Es esta una película en la que habitan muchas otras, a la manera de una muñeca rusa. La primera nos lleva a la Patagonia, a finales del siglo XIX, junto al ejército argentino y junto a un padre y una hija. Cuando el capitán Dinesen advierte que su hija se ha escapado, que se ha marchado con otro soldado, cierra los ojos apesadumbrado, sabiendo que debe emprender un viaje de búsqueda que quizá no termine nunca. Y en ese viaje se inicia otro film, otra película distinta, un sobrecogedor punto de fuga. A la manera de los cuerpos errantes de Gerry (Gus Van Sant, 2002) o de los personajes en tránsito permanente de Tsai Ming-liang, el capitán Dinesen recorre el desierto como si el lugar hablase de su estado emocional, del vacío que ha dejado en él la marcha de la niña. La película se desdobla entonces, una vez más, cuando el hombre termina por encontrarse con su hija ya anciana, en el fondo de una gruta. ¿Se trata del padre soñando con un futuro ilusorio? ¿O es la anciana la que sueña con su padre? ¿O se trata simplemente de relatos que se sueñan los unos a los otros?
Tal vez el epílogo pueda servir como pista, cuando la chica despierta en el presente, en una vida nueva, y todo lo visto hasta entonces parezca por completo irreal. Quizás Lisandro Alonso, aún sin pretenderlo, haya concebido un relato sobre el abismo entre generaciones a la manera desolada y conmovida con la que Ozu exploraba aquel tema en sus más importantes películas, solo que aquí partiendo de una abstracción casi absoluta. Basta con contemplar el plano que abre el film, con padre e hija juntos mirando en direcciones opuestas, para entender que Jauja habla en cierta manera de ese momento de ruptura, del salto a la madurez de los hijos y, con ello, de todo lo que se extravía en el desencuentro. Dinesen intenta buscar el camino de vuelta, recuperar el estado anterior de las cosas, pero se pierde intentándolo. La chica despierta recordando su infancia como si fuera un sueño lejano, como un lugar en el que lo onírico y lo real se han mezclado definitivamente. Quizás Jauja sea, para Lisandro Alonso y para el guionista y poeta Fabián Casas, ese limbo que producen los recuerdos y al que solo se puede regresar mediante melancólicos ejercicios de nostalgia, esos refugios de la memoria en los que a veces nos gusta perdernos y que un día se convirtieron, sin darnos cuenta, en nuestra particular tierra mitológica.

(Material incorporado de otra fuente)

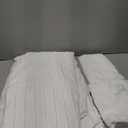 JELLYMONI Duvet Cover Queen Size White - 3PCS Boho Striped Duvet Cover Set Polyester Tufted Bohemian Textured Comforter Cover 9090in with Corner Ties & Zipper and 2 Pillowcases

Tal y como ocurría en Liverpool (2008), el anterior trabajo del cineasta, el relato concluye con una niña que sostiene un objeto en sus manos: es lo único que queda del recuerdo de sus respectivos padres. En Jauja ese objeto vuelve al mar para que la historia pueda comenzar de nuevo, dando vida a nuestros interrogantes una vez más. ¿Tiene sentido buscar significados en lugar de dejarse sobrecoger por las hermosas imágenes de este filme que nos interroga, que nos sacude, que nos llena de preguntas, que nos transforma, que nos vuelve del revés? ¿No deberían ser así las grandes películas?